[[ THE DATA, beginning ]]
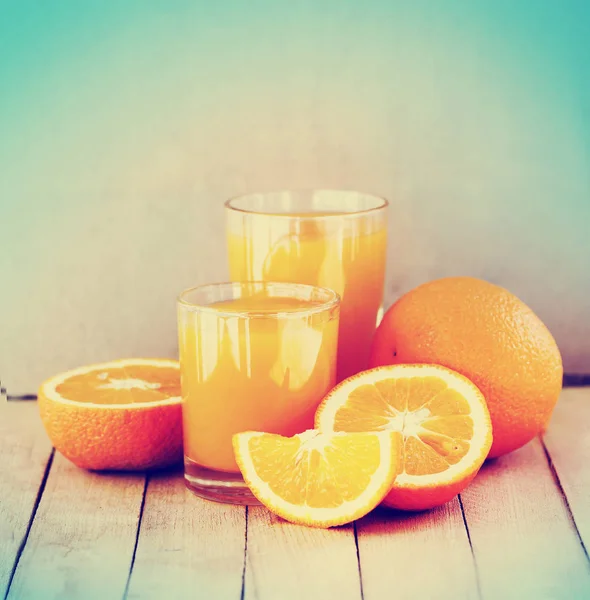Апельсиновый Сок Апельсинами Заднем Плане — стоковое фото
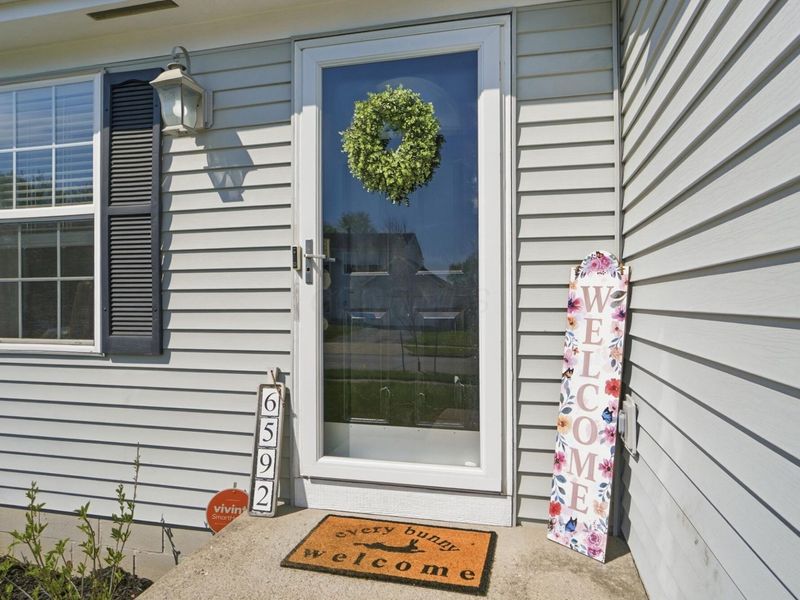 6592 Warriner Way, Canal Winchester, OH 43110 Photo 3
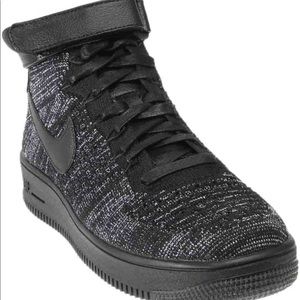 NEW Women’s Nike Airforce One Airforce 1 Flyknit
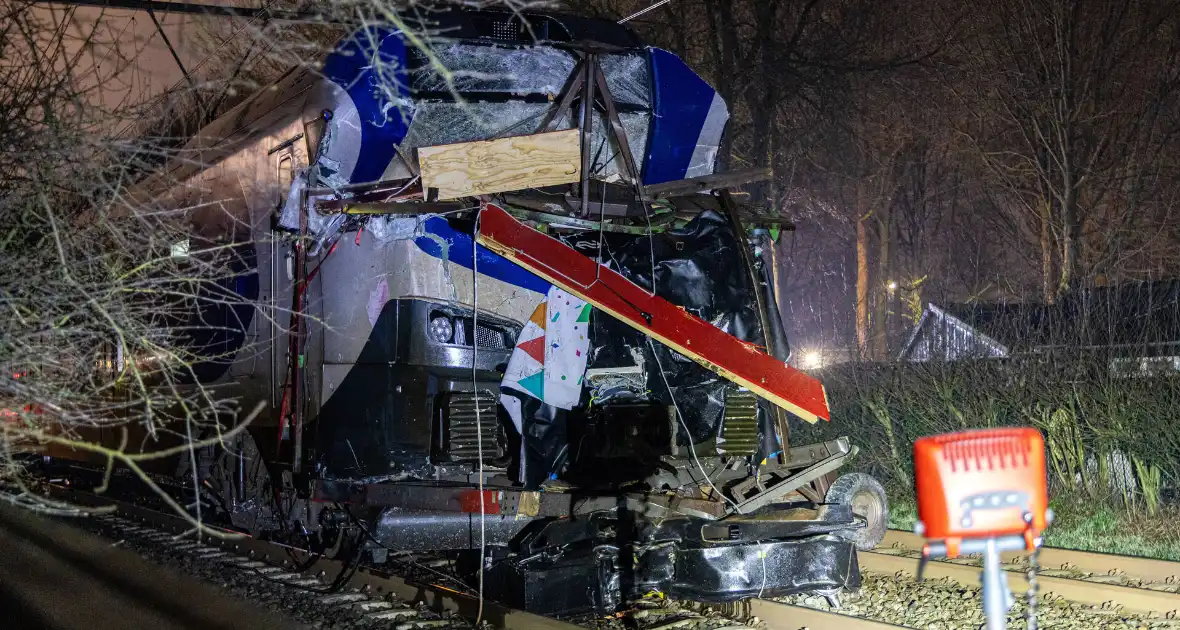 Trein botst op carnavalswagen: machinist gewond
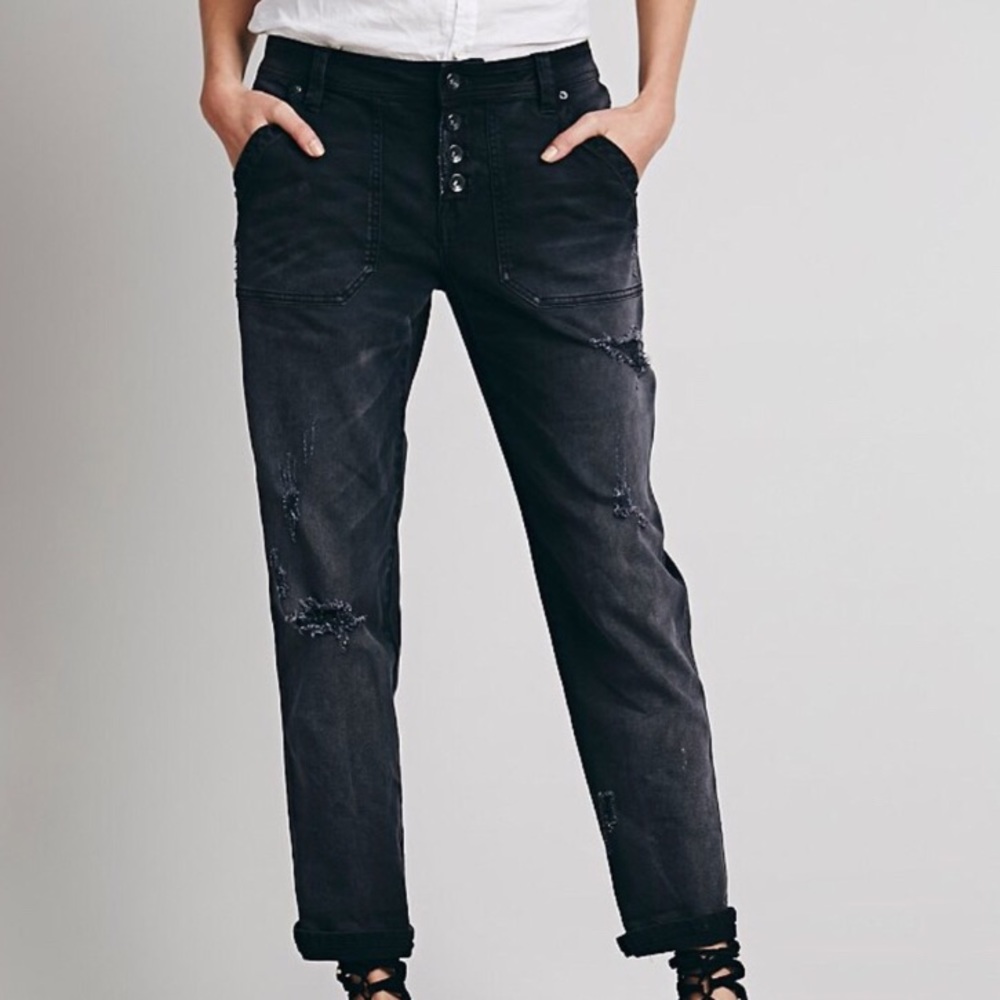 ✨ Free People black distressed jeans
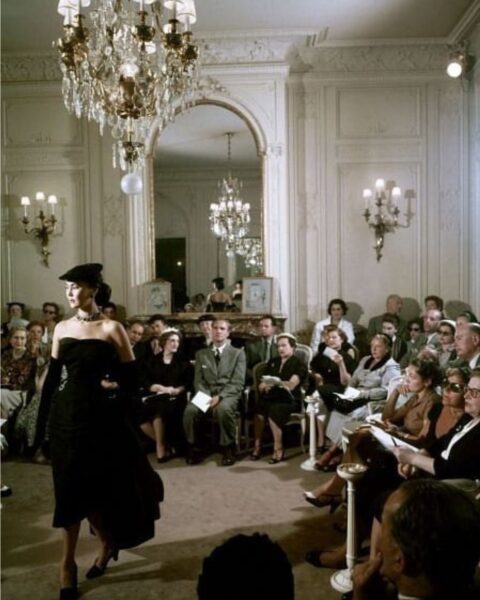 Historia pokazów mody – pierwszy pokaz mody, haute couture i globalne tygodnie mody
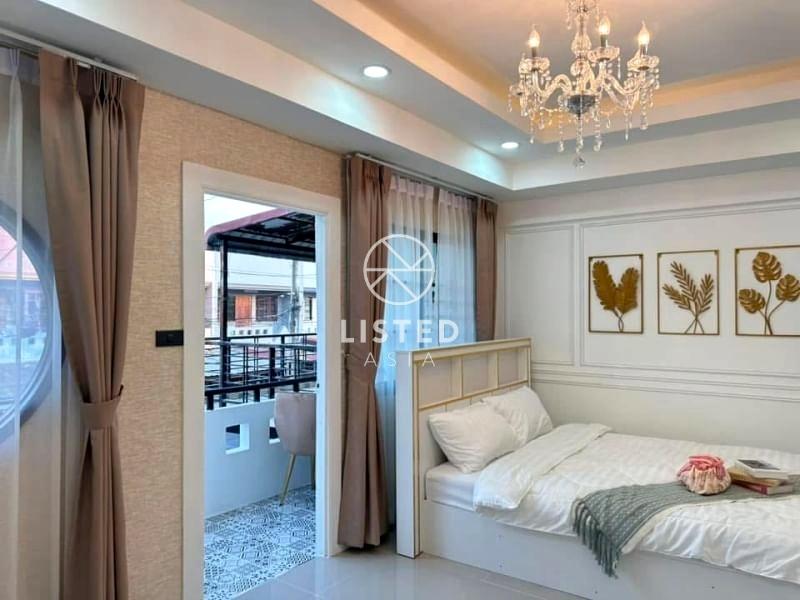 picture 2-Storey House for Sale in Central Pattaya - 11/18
[[ THE DATA, end ]]
Give back the records above exactly. Pictures stay out.

SOLUTION
Апельсиновый Сок Апельсинами Заднем Плане — стоковое фото
 6592 Warriner Way, Canal Winchester, OH 43110 Photo 3
 NEW Women’s Nike Airforce One Airforce 1 Flyknit
 Trein botst op carnavalswagen: machinist gewond
 ✨ Free People black distressed jeans
 Historia pokazów mody – pierwszy pokaz mody, haute couture i globalne tygodnie mody
 picture 2-Storey House for Sale in Central Pattaya - 11/18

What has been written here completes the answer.